• RECORDS SHOWN:
• • • • •

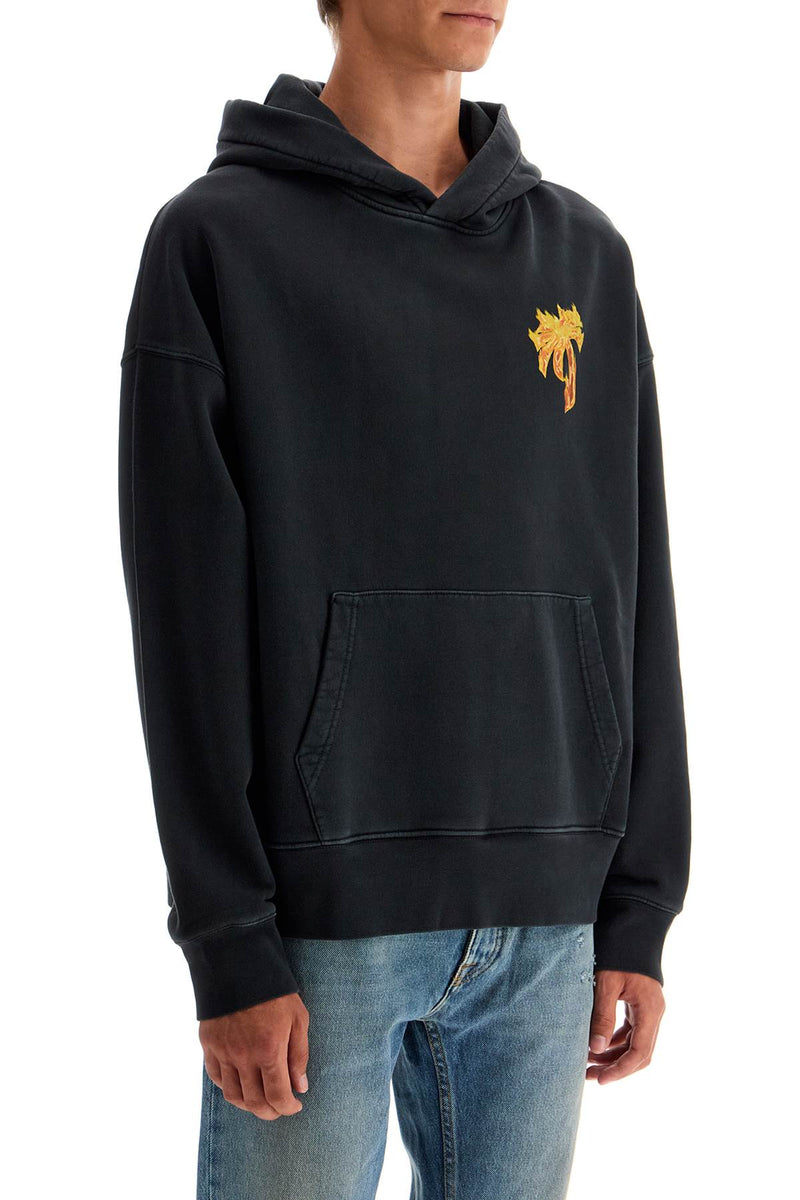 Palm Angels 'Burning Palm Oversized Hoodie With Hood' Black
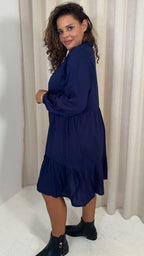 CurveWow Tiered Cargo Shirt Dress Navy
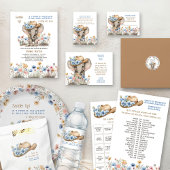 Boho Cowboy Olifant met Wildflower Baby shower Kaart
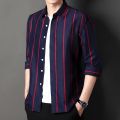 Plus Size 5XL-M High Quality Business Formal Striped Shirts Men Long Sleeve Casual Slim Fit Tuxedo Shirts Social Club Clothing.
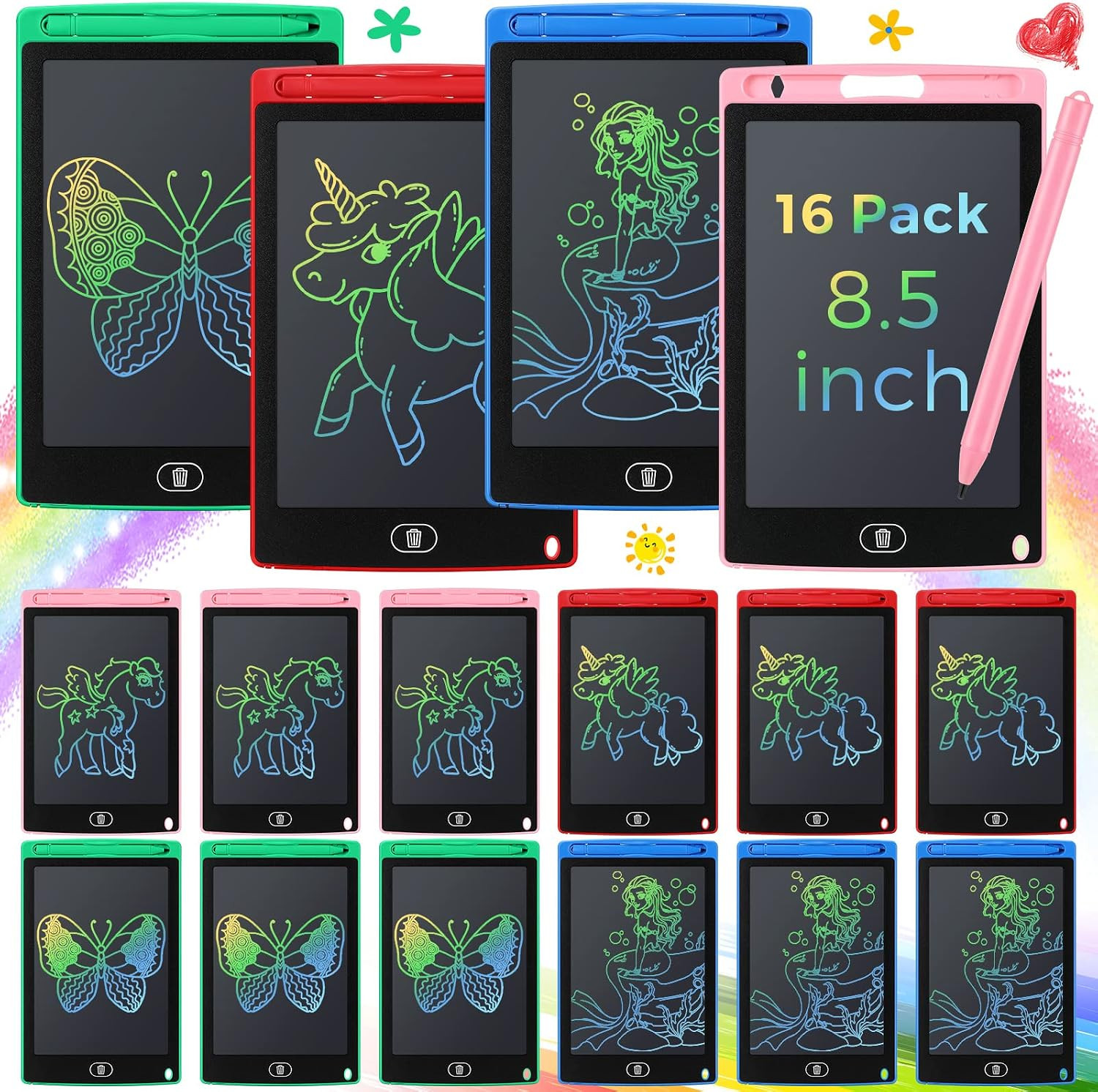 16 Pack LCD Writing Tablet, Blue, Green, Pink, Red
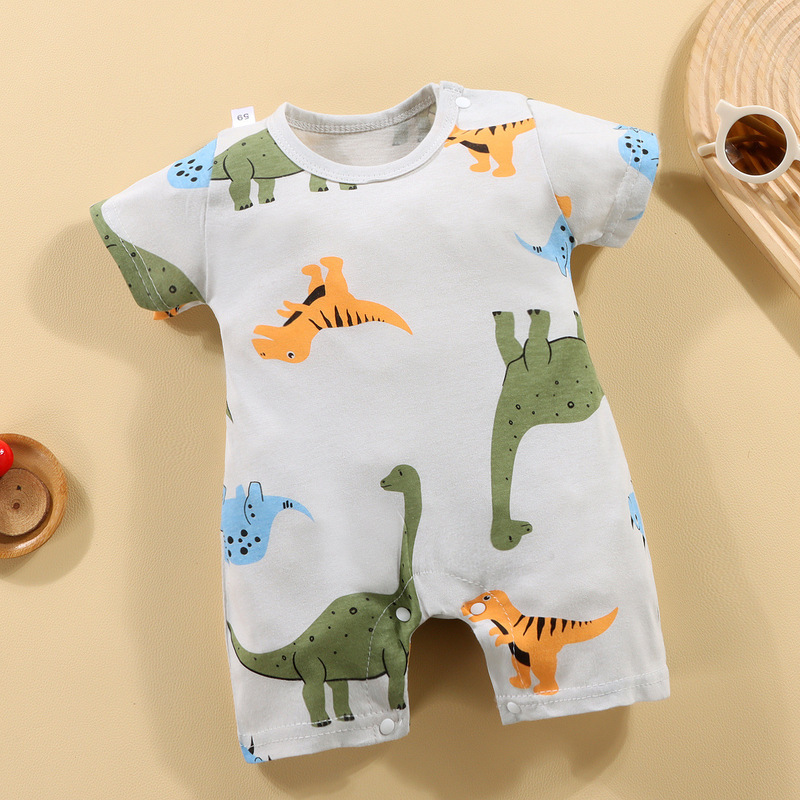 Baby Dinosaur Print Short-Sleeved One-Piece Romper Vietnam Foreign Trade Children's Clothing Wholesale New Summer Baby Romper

• • • • •

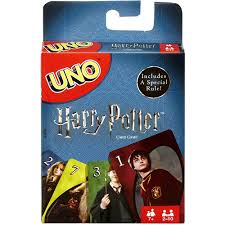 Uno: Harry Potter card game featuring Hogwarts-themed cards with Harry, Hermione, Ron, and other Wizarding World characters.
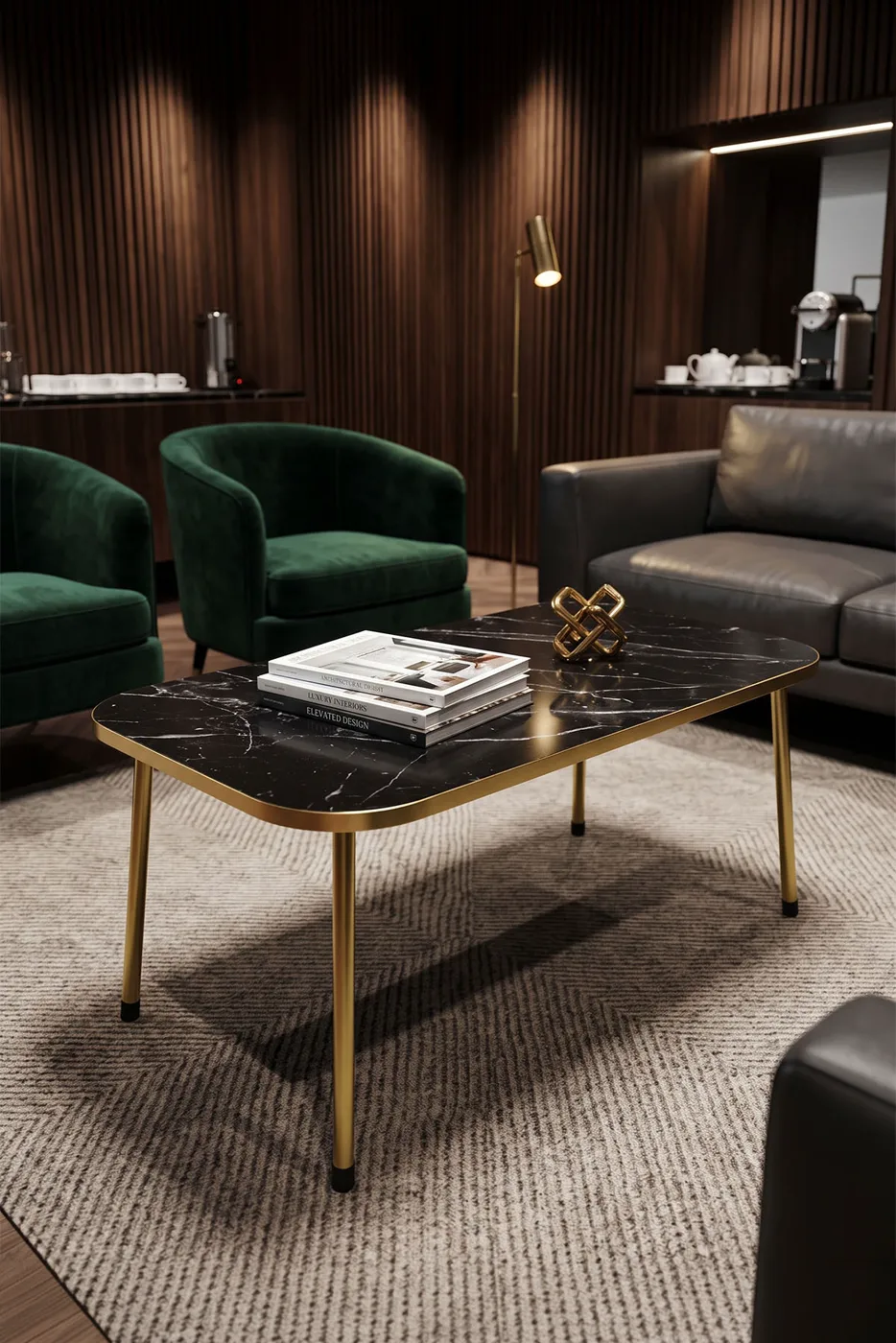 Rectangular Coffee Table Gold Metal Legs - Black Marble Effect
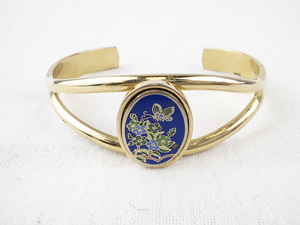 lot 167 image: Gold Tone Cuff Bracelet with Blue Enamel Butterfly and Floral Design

• • • • •

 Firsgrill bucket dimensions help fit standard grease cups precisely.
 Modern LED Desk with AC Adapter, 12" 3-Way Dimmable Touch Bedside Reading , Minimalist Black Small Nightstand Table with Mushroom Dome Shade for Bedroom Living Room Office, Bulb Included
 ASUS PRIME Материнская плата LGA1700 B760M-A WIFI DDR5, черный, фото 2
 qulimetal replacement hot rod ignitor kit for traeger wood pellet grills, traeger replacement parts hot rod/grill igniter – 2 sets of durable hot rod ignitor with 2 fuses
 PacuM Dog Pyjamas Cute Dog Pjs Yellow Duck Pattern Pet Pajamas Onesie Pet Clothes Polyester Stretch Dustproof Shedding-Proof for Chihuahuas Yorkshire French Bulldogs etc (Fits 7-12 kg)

• • • • •

Starting at the line above that has "Palm Angels 'Burning" and ending at the line that has "Plus Size 5XL-M", copy each line exactly, leaving the pictures out and adding nothing.

 Palm Angels 'Burning Palm Oversized Hoodie With Hood' Black
 CurveWow Tiered Cargo Shirt Dress Navy
 Boho Cowboy Olifant met Wildflower Baby shower Kaart
 Plus Size 5XL-M High Quality Business Formal Striped Shirts Men Long Sleeve Casual Slim Fit Tuxedo Shirts Social Club Clothing.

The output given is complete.